Are we ready for this moment? For any country, it would be difficult; for us, now the world's most sensitive and emotionally vulnerable nation, it could signal a wholesale psychic collapse. There will be rage, confusion, public weeping. Huge seismic shifts in political attitudes will take place. Families will fall apart. Tearful, red-eyed gangs will roam the streets, desperate to express their pain with bottle, boot or fist. Those who can't find a convenient target will simply beat themselves up.
None of this is necessary, so long as we are prepared for the worst and know, precisely and in advance, why the unthinkable has happened.
1. We gave the world this game and what did they do? They changed it.

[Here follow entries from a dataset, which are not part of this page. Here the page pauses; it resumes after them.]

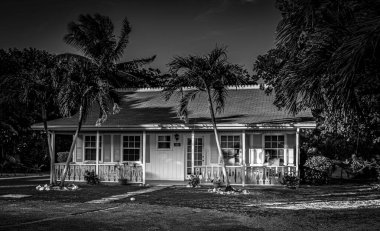 Grand Cayman, Cayman Adaları, 17 Kasım 2016, Batı Körfezi bölgesinde Karayipler tarzı ev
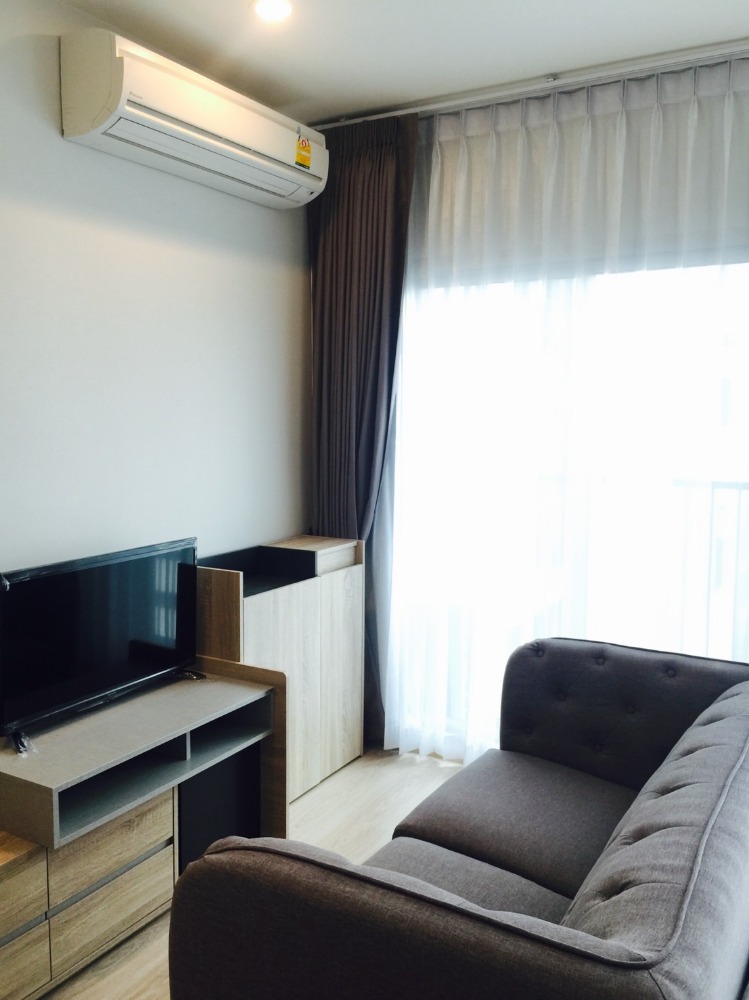 ^^ ให้เช่า ห้องหน้ากว้าง วิวสวย ภายในห้องกว้างสบาย Noble revolve Ratchada Loading...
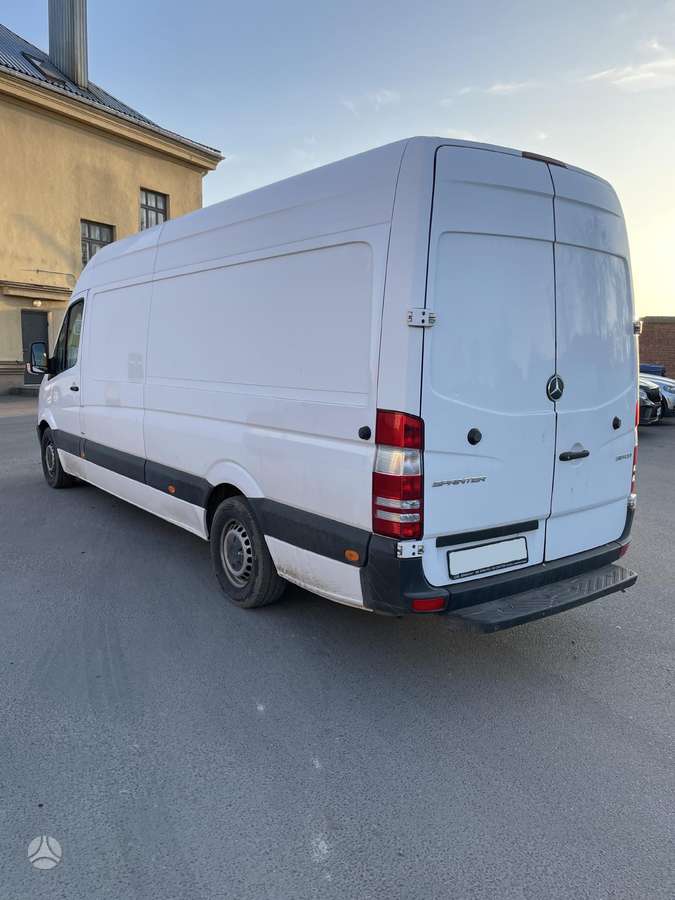 Mercedes-Benz Sprinter, cargo van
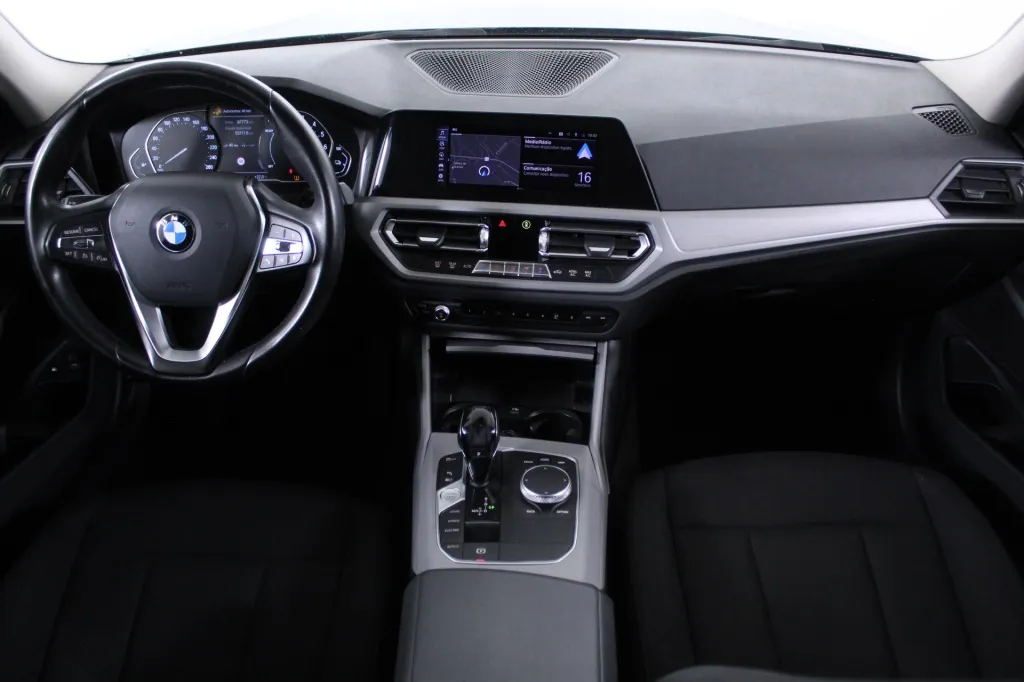 BMW Serie 3 - 330e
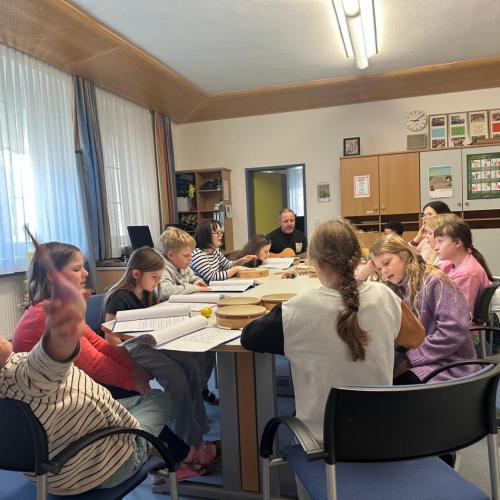 Musik mit der Partnerklasse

Those sneaky little tricks, backheels and bicycle kicks and Blanco Bounces and triangular passes that you can't even see on the action replay, are all very well in their place - on a beach, in a barrio, bare-footed kids playing kickabout with a coconut between the grass huts - but on the pitch, in the greatest tournament in the world? Surely not.

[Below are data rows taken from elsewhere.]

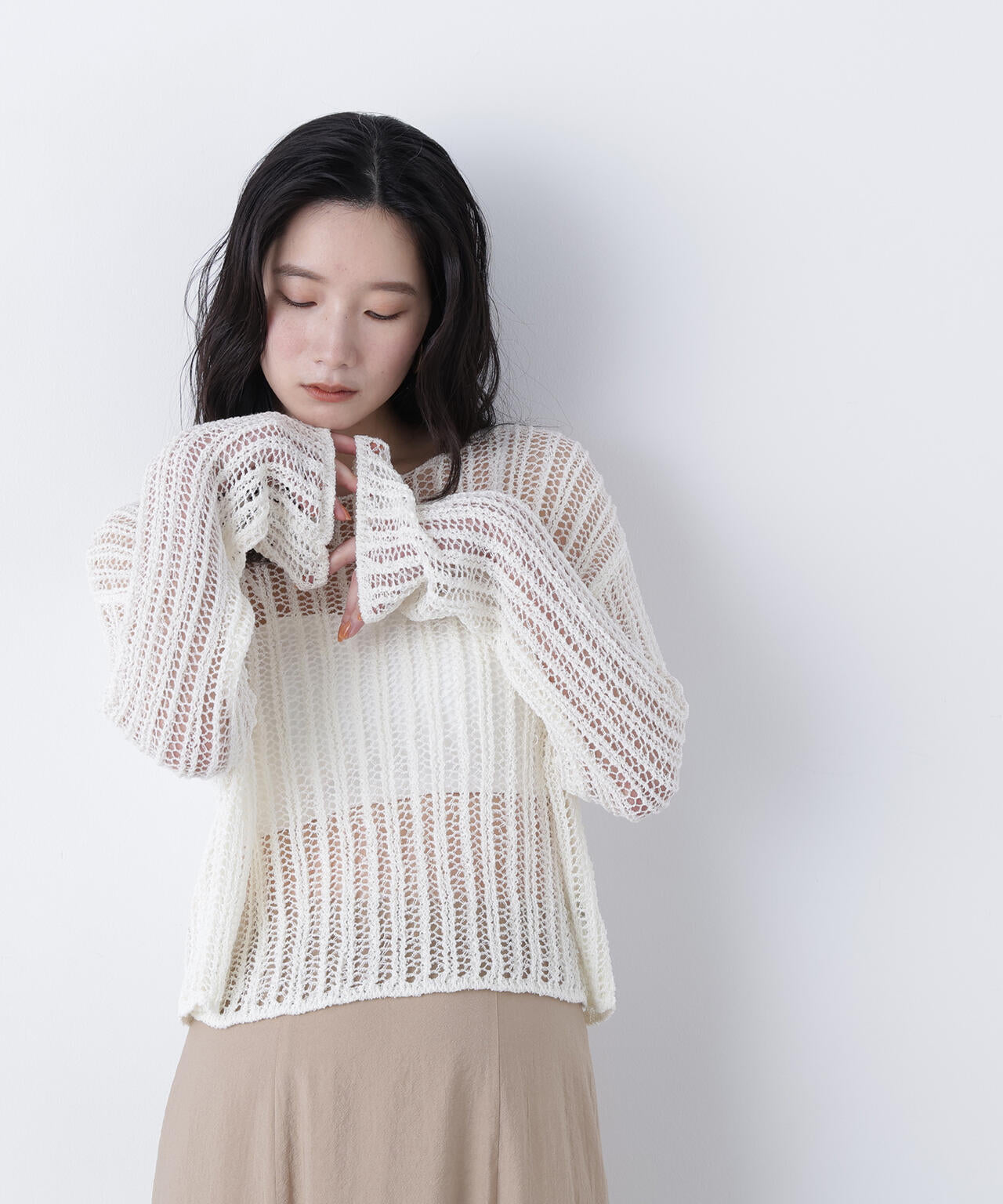 透かし編みクロップドニット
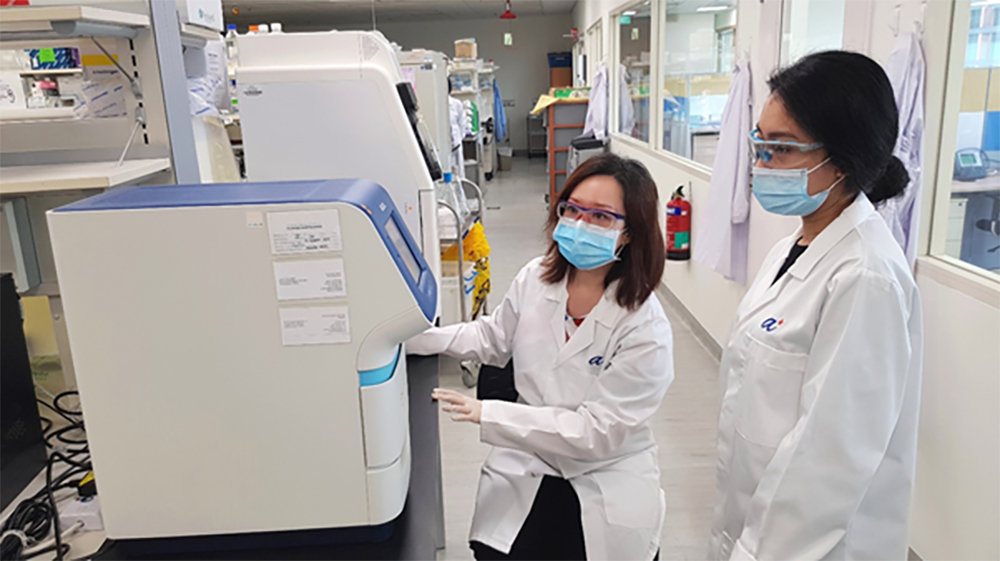 Scientists from the Experimental Drug Development Centre (EDDC) Scientists from the Experimental Drug Development Centre (EDDC)
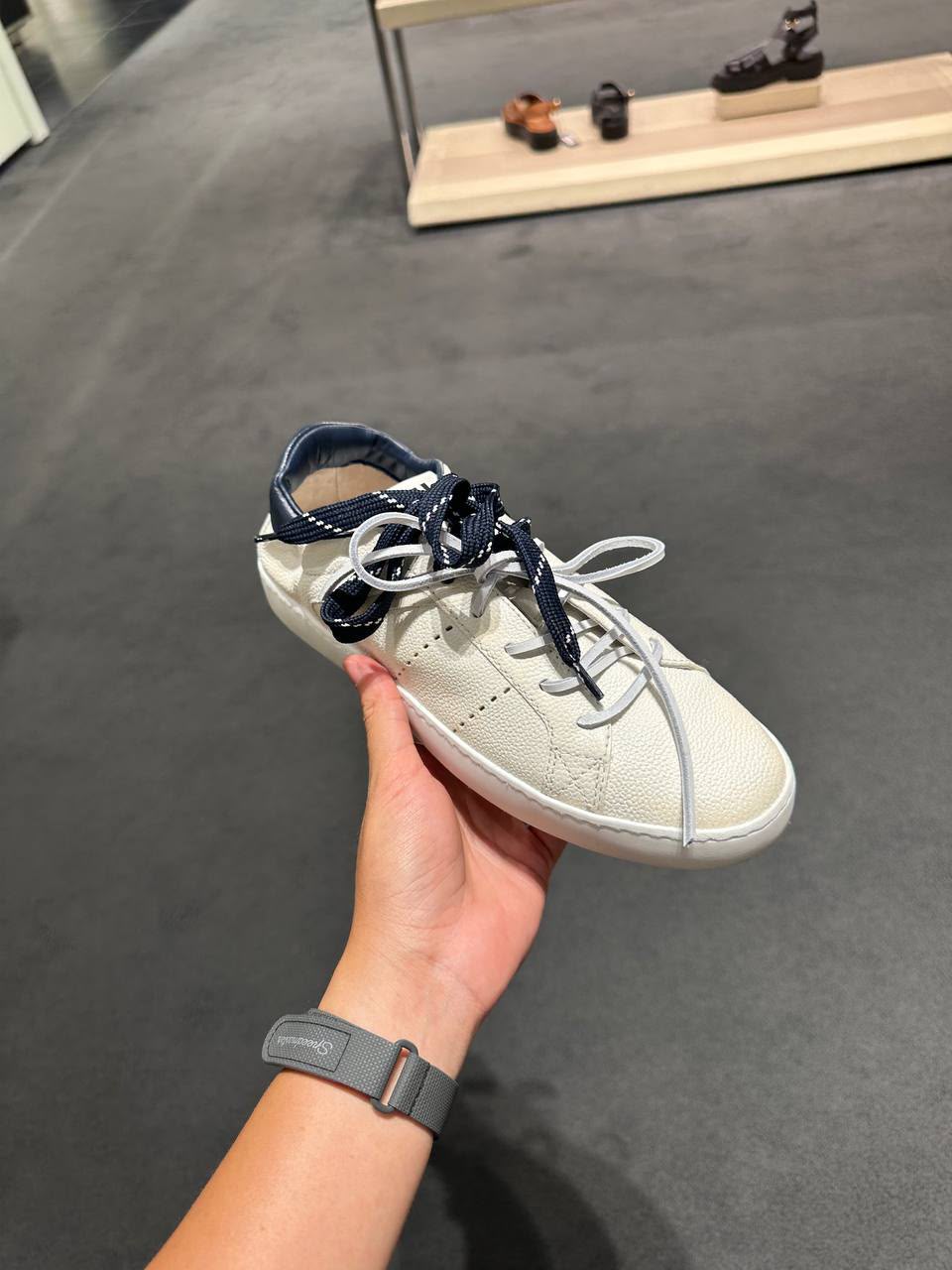 Ace sneaker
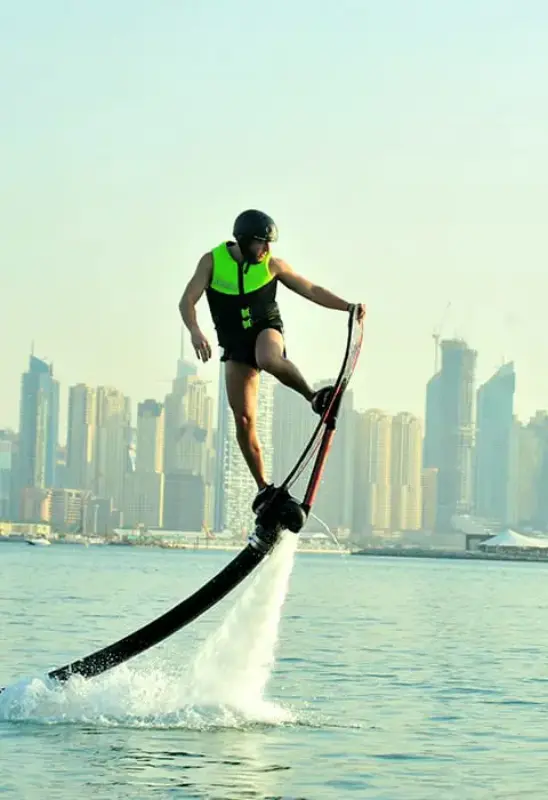 Navigating to the Dubai Sightseeing Yacht Tour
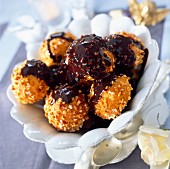 Profiteroles mit Schokososse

Our lads may be left tackling thin air or sitting on their arses facing the wrong way but, at the end of the day, they will be the true winners. They played football the way it was meant to be played.

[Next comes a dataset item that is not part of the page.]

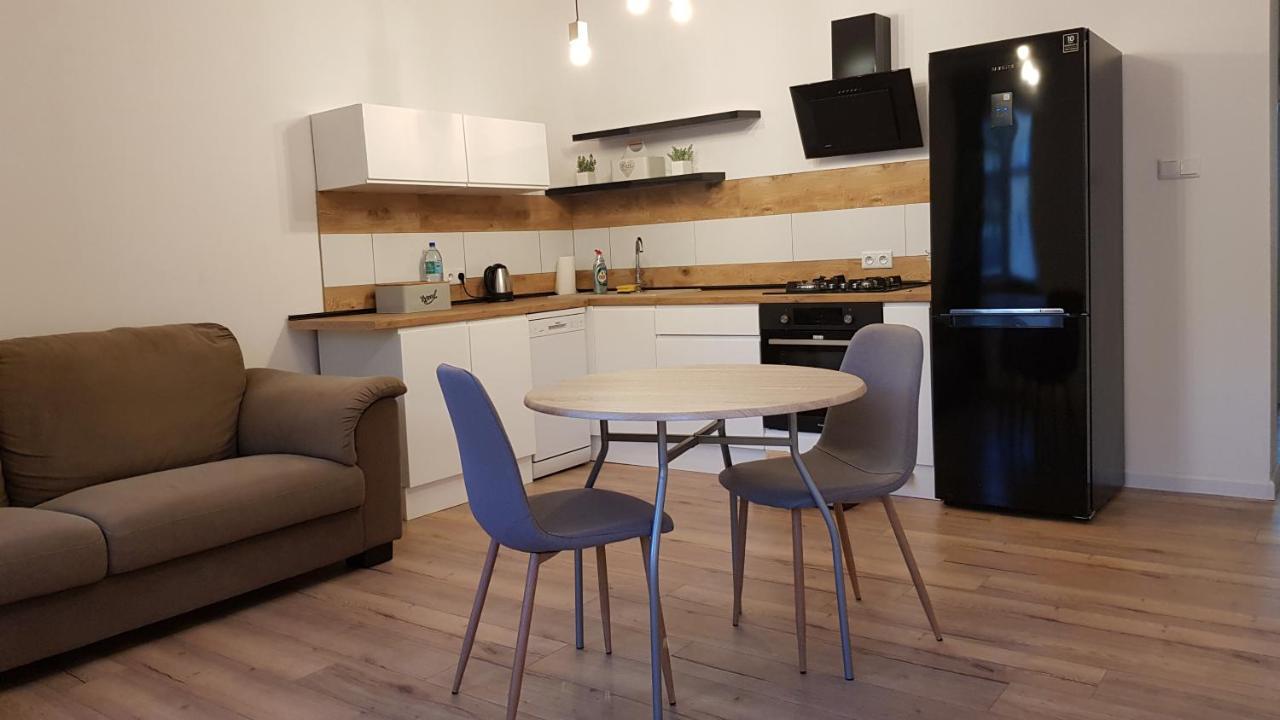 Avalon Apart 1 Legnica Kültér fotó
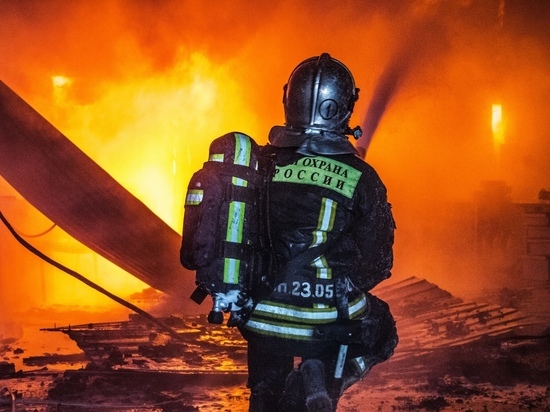 В Ноябрьске из горящего деревянного дома спасли 10 человек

2. We gave the world this game and what did they do? They transformed it into a military exercise, cynically introducing tactics, formations, teamwork, the joyless teutonic efficiency of the parade-ground into the free-flowing game that we invented. They may have scored more goals than us but, in a deeper, aesthetic sense, we were victorious.
3. Mind you, they'll do anything to bring on a footballer, these so-called smaller nations. You know how they manage those bandy-legged runs? They take young footballers away from their villages and remove a small bone from the back of their knees which later in life enables them to do things our lads would rupture themselves even thinking about. Fair enough, if that's your attitude to the game, but it's just not part of our culture.
4. To be fair, our lads did very well considering they had been transported to a foreign country with inferior cookery, appalling weather, a poor disciplinary record when it comes to sexual morality, not to mention a habit of staying up well into the night discussing life, love, freedom and other things which simply keep our lads awake with worry.
5. It may be down to that moment when Dana International won the Eurovision Song Contest. Once we thought we knew where we were - naff competition, being held, hilariously, in Birmingham, loads of dodgy foreigners with silly haircuts and platform soles and ghastly songs that we could laugh at in an affectionate, ironic way. What happens? The gorgeous, curvy representative of a country we never thought was in Europe not only wins but turns out to be a bloke. We're on shifting sands, lads, and you don't win World Cups on shifting sands.
6. What the chattering classes and bien pensants of north London refuse to recognize is that it all started going wrong in the let-it-all-hang- out Sixties.
Once that sense of duty, self-discipline and respect for parents had given way to a wishy-washy, "The Kids are Alright" liberalism, then the next generation was doomed to a wasteland of beer, cigarettes and late- night trysts with bar-girls in lavatories. A direct cultural line stretches from Gazza's friend Five Bellies back to Germaine Greer posing for Suck magazine with her legs behind her ears.
7. When did hooliganism become fashionable, and route one football, and getting caught in possession of the ball? When, in fact, did everything start going wrong? You've got it. Thatcher - let's all blame Thatcher.